#### SUPPLIED DATA

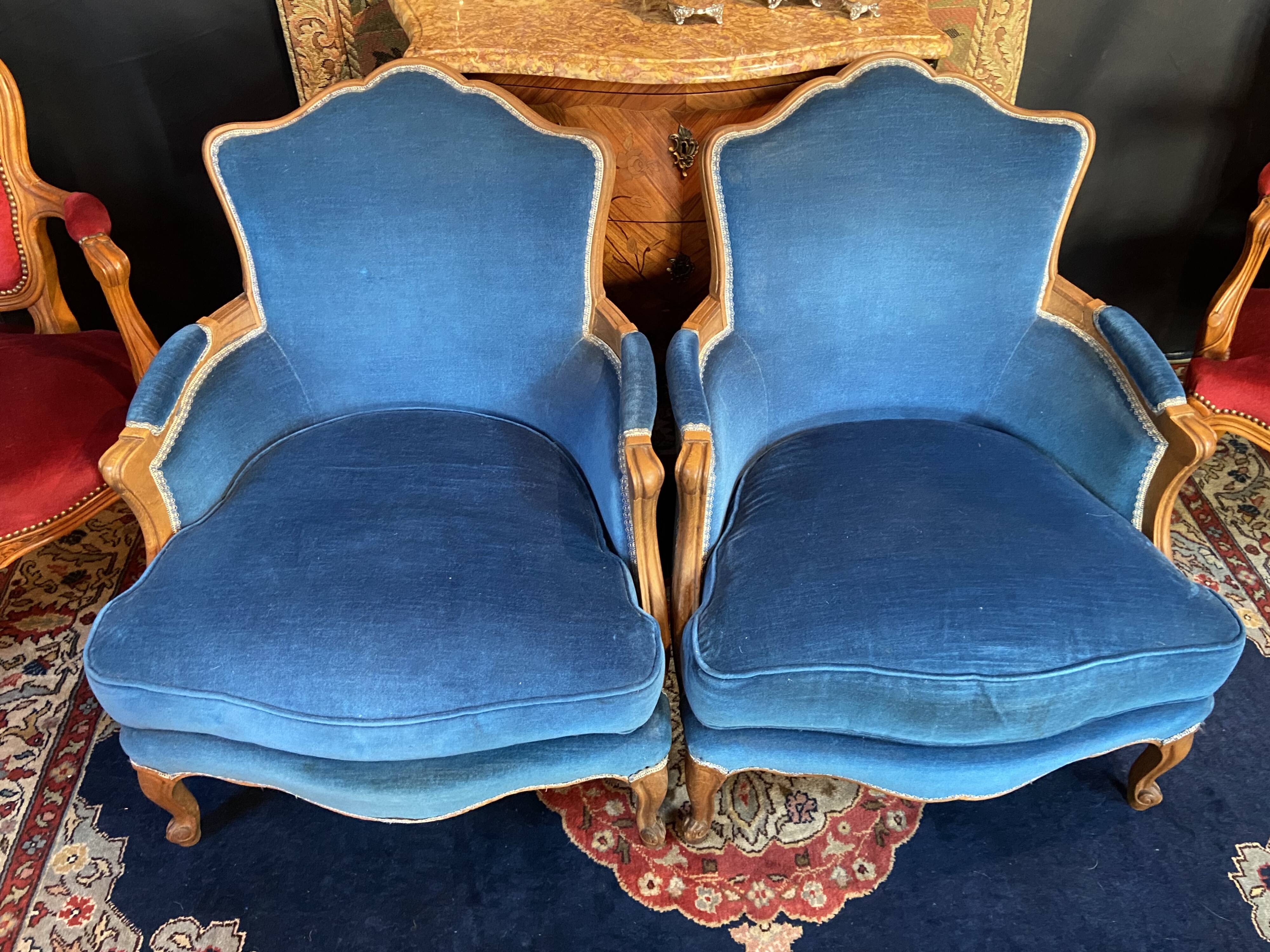 Pair of Louis XV style blue velvet bergère armchairs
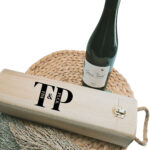 Houten rechthoekige wijnkist met touw als handvat met zwart opdruk van 2 initialen met daarin verticaal de namen.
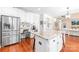 Bright open kitchen features white cabinets, island, stainless steel appliances, and hardwood floors at 122 Laurel Glen Dr, Mooresville, NC 28115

########

• _WORK ITEM_
Go through the data above and transcribe it in full, omitting any image.

• _ANSWER AREA_
 Pair of Louis XV style blue velvet bergère armchairs
 Houten rechthoekige wijnkist met touw als handvat met zwart opdruk van 2 initialen met daarin verticaal de namen.
 Bright open kitchen features white cabinets, island, stainless steel appliances, and hardwood floors at 122 Laurel Glen Dr, Mooresville, NC 28115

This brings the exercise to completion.